Autopsy - The Headless Ritual [Review]In the raft of reunions and comebacks over the last few years, Autopsy has pleased me more than most. A fan since the early to mid nineties when I was first introduced to the band, I managed to pick up a couple of albums before they disbanded. Then followed a fifteen year hiatus before they returned in 2012 in the ‘The Tomb Within’ EP.

It’s almost as if they had never been away, following up the EP with their fifth full length album ‘Macabre Eternal’. Since these recent releases, and a near perfect appearance at BoltFest in London last year (their first UK appearance in around 20 years), Autopsy have found themselves right back at the top of the pile when it comes to mashing together all different sorts of putrid noise.

Right from the opener ‘Slaughter At Beast House’ the quartet of Chris Reifert (drum / vocals), Eric Cutler (guitar / vocals), Danny Coralles (guitar) and Joe Trevisano (bass) display all the hallmarks that rightly earned them such respect, effortlessly moving between chaotic punk and a slow mournful dirge all held together by Reifert’s depraved gargles, growls and screams.
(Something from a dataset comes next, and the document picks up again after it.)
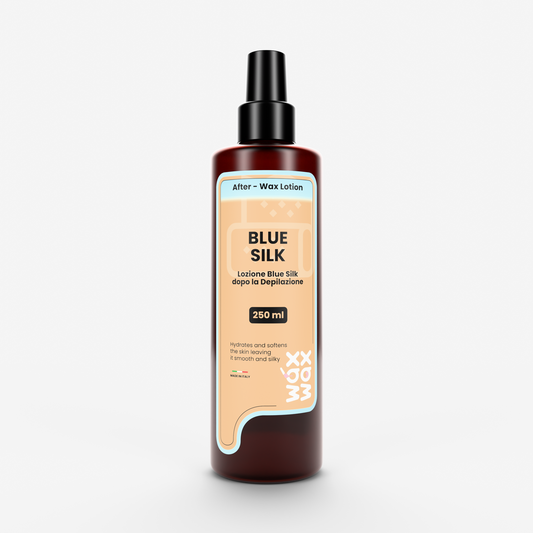 Blue Silk After-Wax Lotion
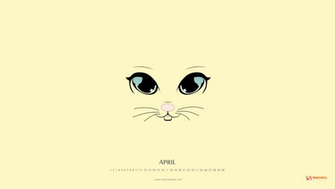 April Quotes Desktop Wallpaper Calendar Aprilie A Touch Of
There is an added maturity about the band, but this just seems to have lent itself to writing stronger songs. They have concentrated on just ten tracks for this album, whereas they usually include double that.

There are a couple of surprising moments on “The Headless Ritual”.The seven minute epic ‘She Is A Funeral’ contains some of the more intricate guitar work you will hear from the Bay Area gorelords rather than the usual frantic rush. The shortest track on the album, ‘Thorns And Ashes’ appears midway through the album and a brief relapse from the carnage, although it may have been better served if it had been used as an intro or outro.

“The Headless Ritual” could easily find itself in the end of year lists, it is that good. This is a band who have been around long enough (and its members have been around since the very early days of the scene) and they keep producing death metal of the highest quality. If you are an Autopsy fan, you will not be disappointed. The band have a way of doing things and it has worked thus far, and no sense changing a good thing. The raw production and song structure are typical Autopsy and along with the song titles and gruesome artwork courtesy of Joe Petagno, its great to see the veterans showing the younger bands how its done. Thoroughly unpleasant, in the best possible way.